Hope in the Nightmare: "Fibromyalgia" Is Just a Label

As you may know by now, Monday was Fibromyalgia Awareness Day, so I am taking the opportunity to devote this week to some long overdue posts on my health issues and related items that I am dying to share, particularly with those of you who are also sick.

On Monday I caught you all up on my story from the beginning of my health problems in 2010 up until this past fall. That is where the plot twist entered that I want to share with you all. With this special week, I don't only want to help spread awareness for the realness of the suffering that those of us diagnosed with Fibromyalgia go through--I want to also do everything I can to spread knowledge of how I have been helped and how those of you who are sick and living in absolute misery can be too.

When you have a chronic illness, it's understood that healthy people really aren't quite sure how to respond to you. They want to help but don't know how, so we're often on the receiving end of all kinds of unsolicited (and often very misinformed) advice. 98% of the time, the suggestions we hear from well-meaning friends and relatives are things we've heard over and over again and either things that we have already tried, things that we are currently doing, or things that are just plain crazy/not applicable to our problems at all. (Sorry... it's true. Spoonies give me an Amen here...)

But the hope that fell into my lap last fall actually came through the hands of a family friend: a DVD a friend gave her about Fibromyalgia. That was all I could tell from the picture on it, and I let it sit for a good couple of weeks or more before finally watching it. I was, honestly, expecting more doctor crap about Fibromyalgia and just a basic education of it, medications to take, blah blah blah. It was, however, a presentation by a semi-local chiropractic physician who specializes in helping people with chronic illnesses through the use of functional medicine.
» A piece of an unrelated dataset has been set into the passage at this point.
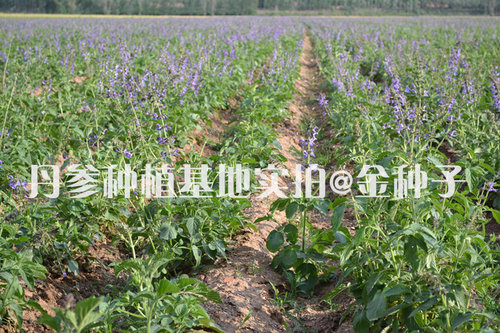 中药材种子丹参种子赤参紫丹参红根药用种子中草药种子-图2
This DVD entered my life at a time when I had reached my worst health yet, and it seemed that would just continue to progress. As I mentioned on Monday, I'd tried the usual medications and none of them helped enough to stay on them. I was miserable and feeling quite useless, and each day was a horrible struggle of its own. My husband and I had been hoping to find a specialist once we moved closer to a big city, whenever the job search cooperated long enough for that to happen, so to find someone who might possibly have a clue how to really help me only 45 minutes from where we live was totally unexpected.
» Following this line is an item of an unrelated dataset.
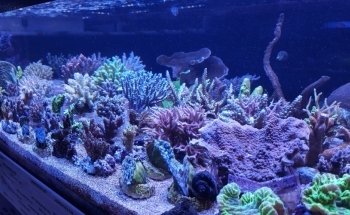 Real Reefs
Open to any help possible but still very skeptical about this doctor's credibility, I made an appointment, filled out about 13 pages (no joke) of details about all of my problems (there still wasn't a place to account for all of them), and went to my first appointment in October of 2013. As it turns out, this (young-er) doctor was diagnosed with MS a few years ago and became so sick that he was in the hospital and unable to do anything. He found a doctor like he is now in Texas who helped him so tremendously that you would never know he had any trouble getting around and thriving now. As he puts it, he has one or two bad days a month, so he is not cured, but he has maximized his body's full potential. (And based on his schedule everyday, his full potential is pretty crazy.) So he came back to his home state to help others like he was helped.

At my first appointment, he tested how my brain controlled my body by seeing how I handled standing with my eyes closed (I weave back and forth, which I didn't know), how my eyes handle being closed (my eyelids twitch uncontrollably, which I did know), if I could touch my nose with my pinky while standing with my eyes closed (I'm very bad at it), if I could touch where he first touched my arms with a pen while my eyes were closed (failed miserably), among lots of other such exercises, which I often failed. Based on all those tests, some very in-depth (not your average) blood tests, and the very specific, in-depth paperwork I filled out, he was to get to the bottom of my body's problems and report back at my next visit.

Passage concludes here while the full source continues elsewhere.